__Records shown__

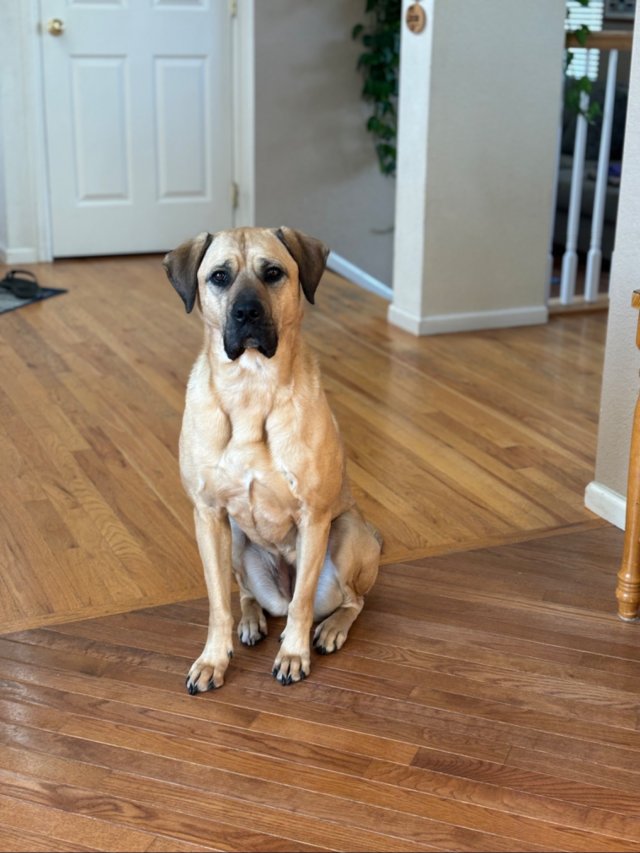 Funny Dogs (28 pics)
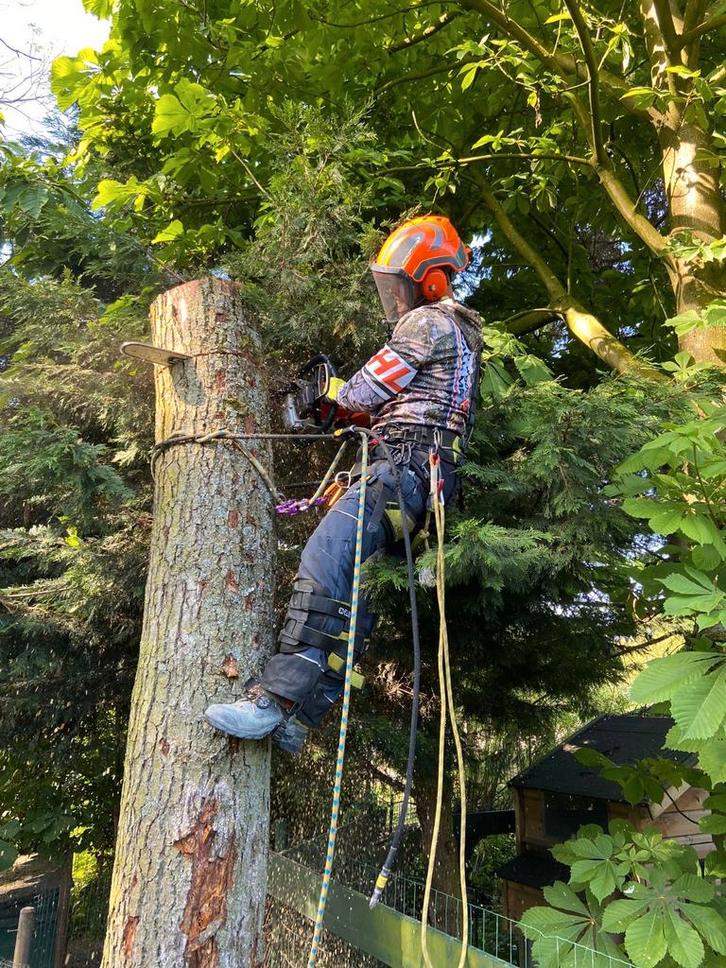 Bomen kappen, vellen, snoeien, versnipperen, Diensten en Vakmensen, Overige Diensten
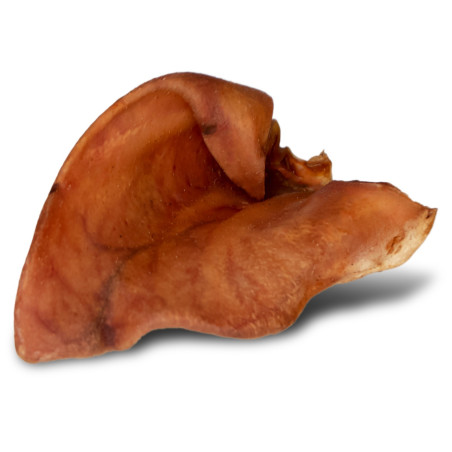 Dogario Bonni Pig's Ear L x10 - naturalny gryzak dla dużych psów, długotrwała zabawa
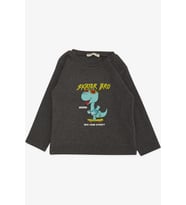 Breeze Girls & Boys Erkek Çocuk Uzun Kollu Tişört Kaykaycı Gözlüklü Dinozor Baskılı 1-4 Yaş, Koyu Gri Melanj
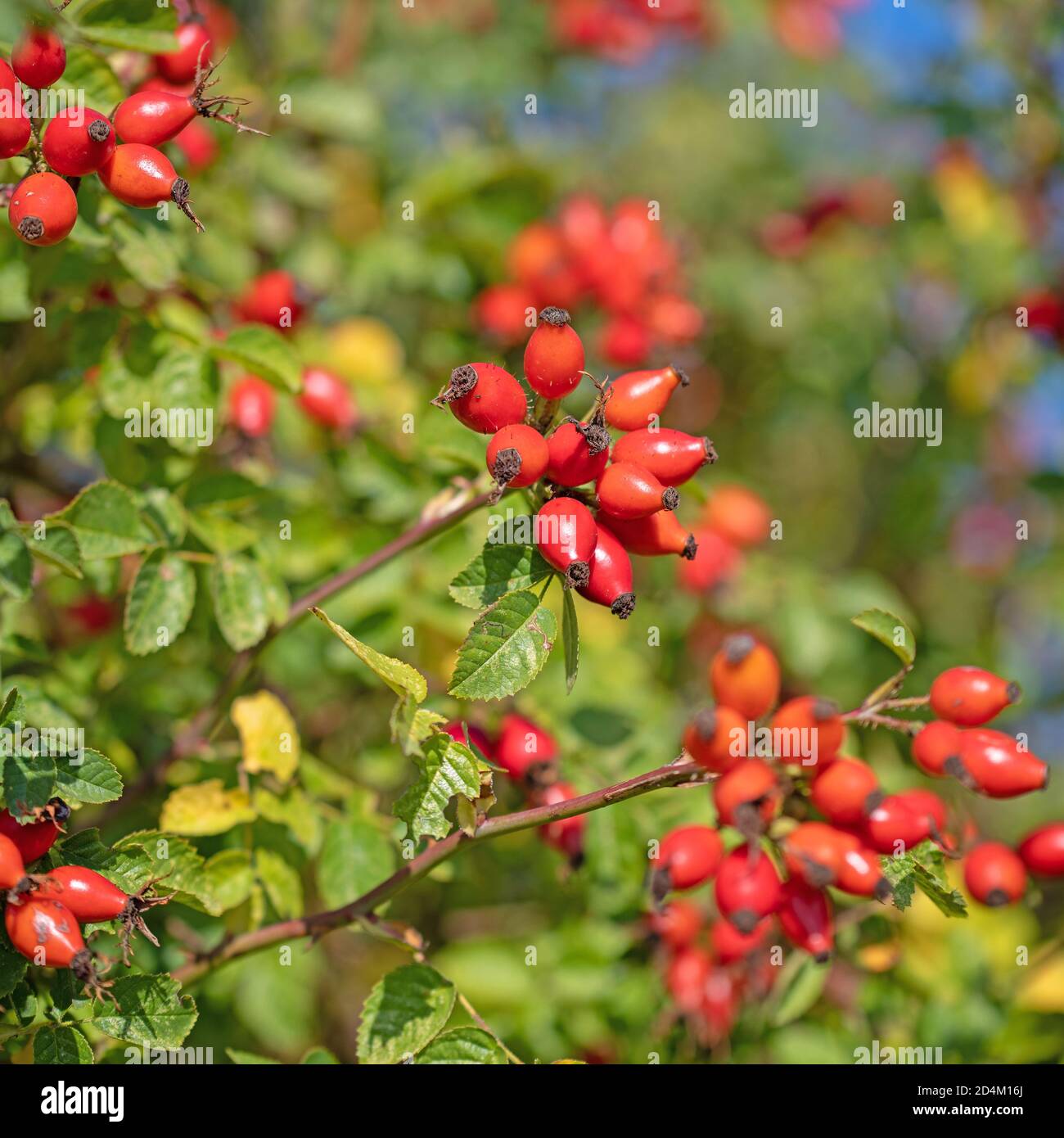 Ripe rosehips, Rosa canina, in autumn Stock Photo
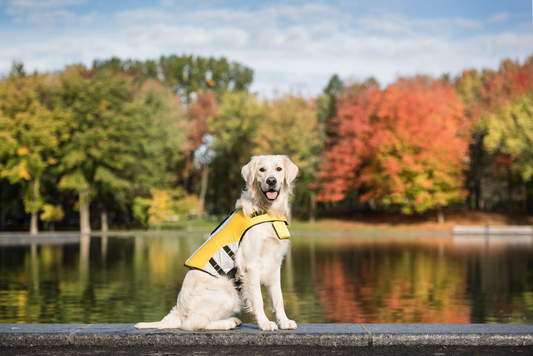 Dog Life Vest & Life Jacket | GF Pet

__Work required__
"Ripe rosehips, Rosa" marks the first line to be returned; return exactly that line and every line after it through the last line of the listing, omitting pictures.

__Exercise output__
 Ripe rosehips, Rosa canina, in autumn Stock Photo
 Dog Life Vest & Life Jacket | GF Pet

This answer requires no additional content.